### Required action
In the material below, begin at the line that has "Bomba de Humo", stop after the line that has "Devil May Cry 4", and transcribe those lines exactly, without pictures.

### Data shown
========================================================================

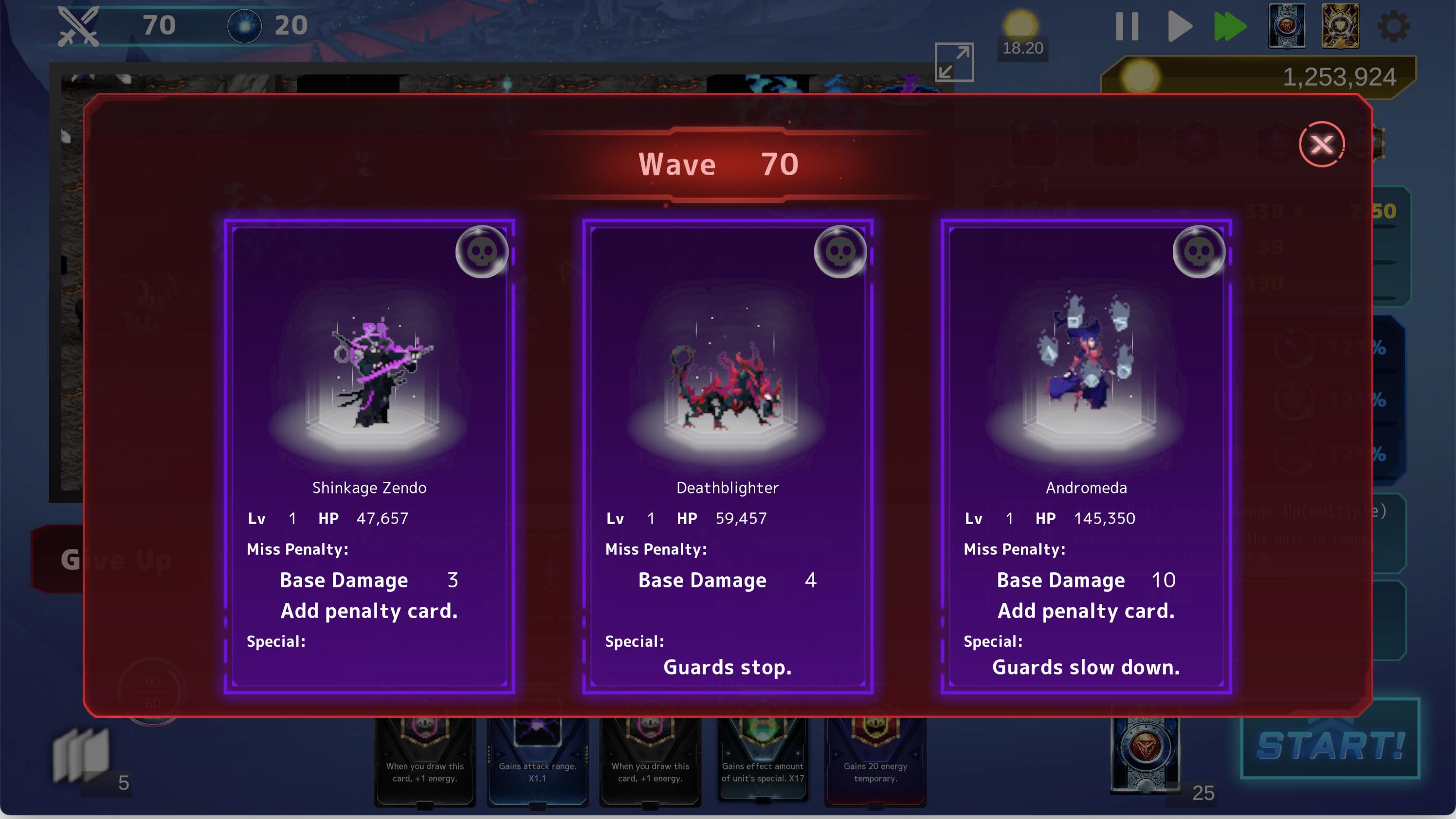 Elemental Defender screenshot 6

========================================================================

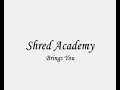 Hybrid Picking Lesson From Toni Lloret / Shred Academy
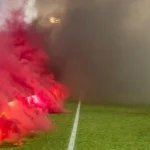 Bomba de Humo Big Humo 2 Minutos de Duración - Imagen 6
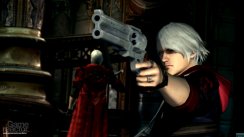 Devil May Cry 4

========================================================================

### Your response
 Bomba de Humo Big Humo 2 Minutos de Duración - Imagen 6
 Devil May Cry 4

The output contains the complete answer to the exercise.